XBRL is the abbreviation for “eXtensible Business Reporting Language” and is a technical standard developed with the goal to change the way how financial data is communicated. By using unique tags to identify each piece of information, it makes data easier to analyse, compile and share. Because of these unique tags, XBRL is often referred to as “bar codes for reporting”.
All the available tags are summarised in a taxonomy which will typically correspond to a particular accounting standard (e.g. IFRS). Technically the taxonomy is an XML scheme. This predefined set of tags allows compliant software to process and interpret the information correctly.
XBRL is extensible. This means that new tags can be added to the taxonomy to cover new regulations or meet specific reporting requirements to make XBRL somewhat future-proof.
By using XBRL, instead of having multiple sources for different targets when handing over financial data (like a PDF, Excel, HTML or simple Text files) there is just one single standardised source: the tagged XBRL document.
XBRL files aren’t meant to be read and consumed by humans. They are designed for machines and require specialised software to be processed. This lack of human-readability is the point where iXBRL comes into play.
iXBRL means inline XBRL. The tagged data is embedded in the code in an HTML document (thus inline), making it human-readable as well as machine-readable. It is the marriage between the XML based XBRL data and a regular HTML website and can be opened with any standard web browser.
Apart from the human readability, the biggest advantage of iXBRL is that non-tagged information is still visible. You can put the information into a broader context instead of just showing the tagged information.
Design-wise the report can reflect your corporate design and follow your styleguide.
By the way: (i)XBRL is not restricted to financial reports. You can tag documents for ad-hoc announcements, press releases or even non-financial information.
Why is this relevant?
Since 2013, the ESMA is pushing for a European single electronic format (ESEF) to comply with the EU transparency directive with the aim to ensure transparency of information for investors. As a result – starting in 2020, stock-listed companies in the EU need to file their IFRS financial statements in the iXBRL-format with their authorities. These new regulations affect about 5,300 companies all across Europe.
To make the entry into the world of XBRL easier, for now only the company main financial statements need to be marked up in detail whereas the notes can be tagged as a block.
Who is the target audience?
So, will all users of an annual report make use of XBRL in the future? The answer is: No. Most of the stakeholder groups such as employees, partners, private shareholders, suppliers and the public sphere are unlikely to benefit directly from XBRL. They will continue to use the Annual Report as before.
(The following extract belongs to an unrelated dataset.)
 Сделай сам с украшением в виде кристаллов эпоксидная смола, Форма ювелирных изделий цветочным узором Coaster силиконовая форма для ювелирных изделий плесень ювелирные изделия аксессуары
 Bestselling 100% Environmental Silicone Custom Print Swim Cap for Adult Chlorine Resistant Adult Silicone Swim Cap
Big XBRL beneficiaries, on the other hand, are regulators and governments. They aim for standardisation and transparency to simplify and optimise their processes. Similar is true for data providers. They can use the performance and risk information to create automated comparisons and ratings. Analysts and investors may use it for an easier comparison of potential investments. Companies themselves can exchange standardised data to evaluate and manage risks.
How does the tagging work?
Tagging is the process of applying a unique element (the tag) within the taxonomy to the data in order to create the instance document. Four levels of tagging are present in XBRL:
- Level 1 – Block tag. A Note is tagged as a whole block altogether.
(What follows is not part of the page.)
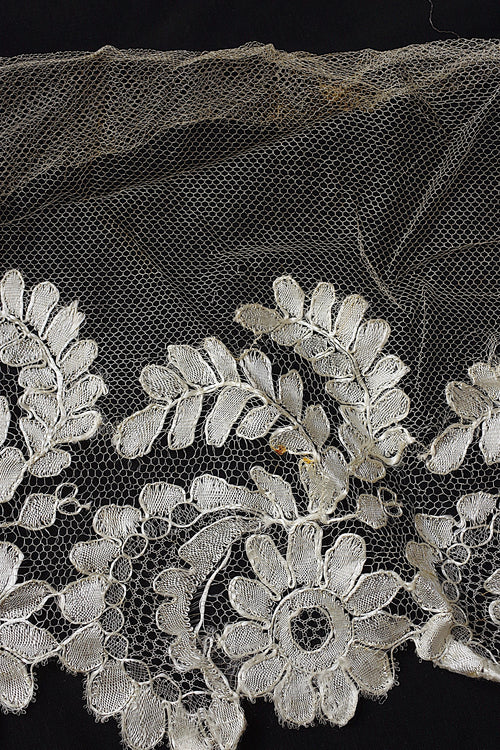 アンティークレース dentelle ancienne ブロンドレース　素材用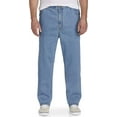 thumbnail image 1 of Harbor Bay by DXL Men's Big and Tall Continuous Comfort Stretch Jeans, Light Stonewash, 58W X 34L, 1 of 7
- Level 2 – Policy text block. Each accounting policy is tagged as a single block of text.
- Level 3 – Table text block. Each table of data in the Notes is tagged separately as a whole including related text.
- Level 4 – The most granular one: Each number, amount or percentage requires tagging whether presented in a table or within the footnote narrative.
To be able to do this, you need a specialised software or plugins to your existing accounting software, disclosure management tool or editorial system.
XBRL has a strong impact on the accounting process and is a financial accounting expertise. Corporates usually use a consultancy to fulfil the legal requirements in the first years until the required know-how is build up internally and all processes are adapted.
Impact on online reports.
So how will XBRL impact the future of digital reporting? We can’t predict the future nor do we have a clear answer yet – but there are some possible scenarios:
Scenario A: iXBRL is a regulatory document and will be prepared early in the implementation process by the accountants. It might be published together with the online report as a downloadable file but exist in parallel to fulfil the legal requirements. The existence of XBRL is dominated by the need to file it with the authorities.
Scenario B: iXBRL files are prepared and tagged in parallel during the production process of the annual report and then implemented as iXBRL in the content of the annual report.
Scenario C: Thinking about having the online version as the single source of truth for all channels of information, the XBRL tags are applied directly in the online report and the XBRL document is extracted from there and filed with the authorities.